In order to use the ammonia of the present device assembly 10 in, for example, the treatment of NOx in a vehicle exhaust system, it is necessary to apply a sufficient amount of heat in order to sublimate the solid ammonia into its useful gaseous form. It is contemplated that sufficient heat transfer can occur between the cartridge 12 and the ammonia-containing material disks 14, and the surrounding heat conductive layers 34 through the expansion of the disks and heat conductive layer, which when stacked together, are compressed through the application of sufficient compression pressure.
As noted, heat is required to release the ammonia gas from the solid ammonia-containing material. Heat may be applied to the cartridge 12 from a variety of sources, including but not limited to, an electrical resistive device, or hot exhaust gases from a combustion process. The heat would then transfer through the cartridge 12 to the nested disks 14 through the heat conductive layers 34 within the cartridge 12, releasing the ammonia gas within the cartridge. Although not shown, the ammonia gas may be delivered to an exhaust system through use of a controllable dosing valve to control the release of ammonia within the cartridge 12 to be used in the catalytic reduction of NOx in a vehicle exhaust system (not shown).

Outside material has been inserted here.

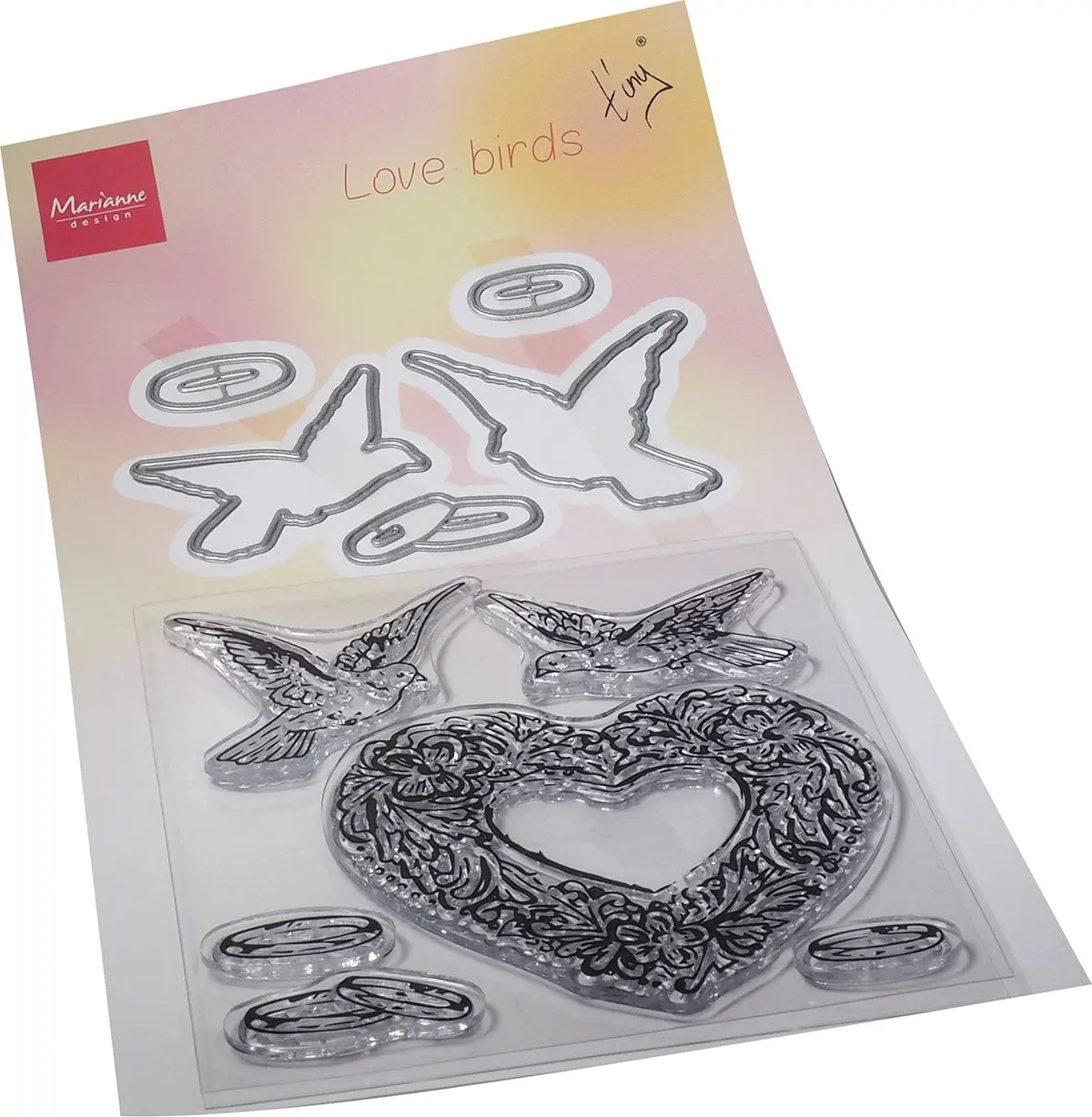 Marianne Design Stamp & Die Set - Tiny's Love Birds 1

The matter set forth in the foregoing description and accompanying drawings is offered by way of illustration only and not as a limitation. While particular embodiments have been shown and described, it will be apparent to those skilled in the art that changes and modifications may be made without departing from the broader aspects of applicants' contribution. The actual scope of the protection sought is intended to be defined in the following claims when viewed in their proper perspective based on the prior art.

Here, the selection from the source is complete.